Andrea watet zu mir rüber. „Wir müssen aus der Senke raus. Sonst kommen wir hier nicht mehr weg.“ Der Einwand ist berechtigt. Ihr großer verbeulter Jeep hält dem Unwetter zwar noch stand, doch mein Mietwagen versinkt mit den ehemals schwarzlackierten Alufelgen im Matsch. Das fesche kleine Cabrio, Zierde jeder großstädtischen Flanierzeile, ist schlammbespritzt bis hoch zum Schiebedach und bietet einen Anblick, der seinen Designern die Tränen in die Augen treiben würde.

Wir manövrieren die Autos wieder zur Anhöhe empor. Wind kommt auf, plötzlich heben sich die Wolkenwände, der Regen hört auf als hätte jemand den Haupthahn abgedreht. Blauer Himmel, unfassbar! Sogar die Sonne lässt sich blicken, und sofort wird es warm. Wir beginnen wieder an den Start zu glauben, sind aber noch misstrauisch. „Sriii-sriii!“ aus den Boxen der wartenden Segler! Als dann der Montana de Tindaya aus den Wolken taucht und es ringsherum aufklart, wagen wir es! Schleppen die Boxen in den Hang und beziehen Stellung. Pancho winkt von gegenüber mit dem Fernglas. Andrea übernimmt die linke Flanke. Und hinter mir, auf der Anhöhe, steht Andrea II, die Praktikantin der Finca.
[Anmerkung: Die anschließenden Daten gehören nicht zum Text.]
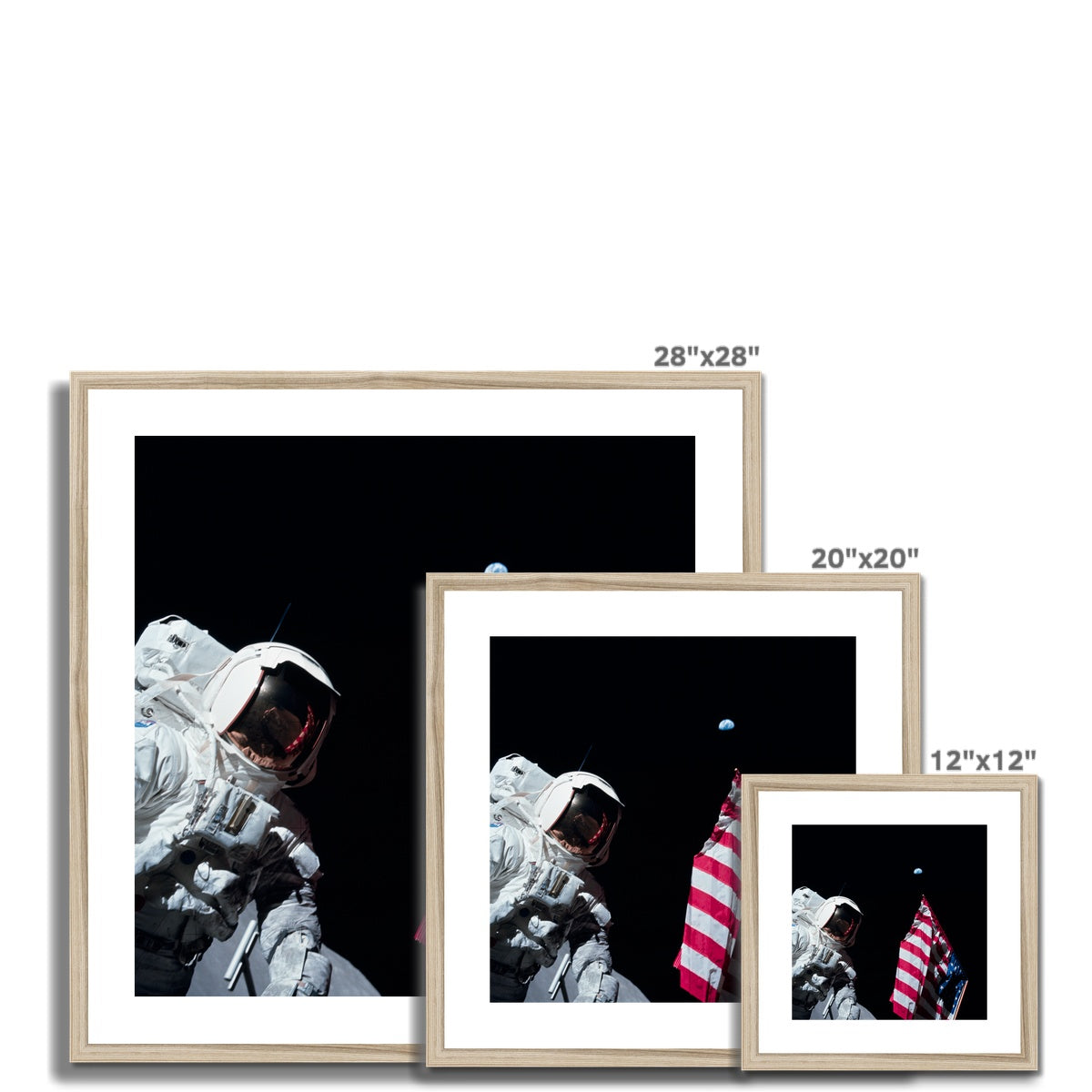 Stars & Stripes Framed & Mounted Print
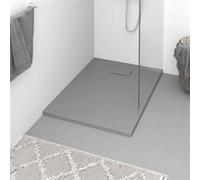vidaXL Receveur de douche SMC Gris 100x70 cm
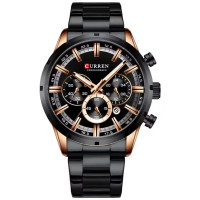 Чоловічий годинник  Curren Wild Black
The New Berliners – jedenfalls 5 von ihnen! - machen den Anfang! Und ob es am kräftigen Wind liegt oder an ihrem unbändigbaren Freiheitsdrang: Cosima und Sartorius schießen mit einem Tempo davon, dass mir schwindlig wird. Links gedreht und mit dem Wind empor! Während ich Sergei aus der Box angele, sehe ich sie zusammen hoch oben am Himmel spielen. Ein wundervoller Anblick. Die kapriziöse Cosima, und Sartorius, der damals nach seiner Ankunft als halbverhungerter Nestling 3 Wochen um sein Leben kämpfte, ehe er sich stabilisierte! Sergei, Herakles und Vitus folgen ihnen mit demselben unglaublichen Speed und schlagen exakt dieselbe Richtung ein.
Nach diesen 5 prachtvollen Altseglern kommen nun 2 Juvenile: der gemütliche Ravi aus Recklinghausen, reichlichem Essen sehr zugetan, und Okruszek, mein wohlbeleibter polnischer Krümel, der sich wochenlang bevorzugt an meinem Hemdkragen aufhielt. Bis zum Schiften! Von da an war Okruszek, der kleine Ramskopf mit den funkelnden Augen, erwachsen. Und nun wollen beide nur noch weg! Sie werfen sich in den Wind, drehen ebenfalls nach links und entschwinden mit Lichtgeschwindigkeit. Das geht schneller als die Sinne erfassen können! Und das Wetter spielt mit – zwischen den Wolken gibt es genügend blaue und sonnige Bereiche, die unsere Mauersegler in ihrer neuen Heimat willkommen heißen.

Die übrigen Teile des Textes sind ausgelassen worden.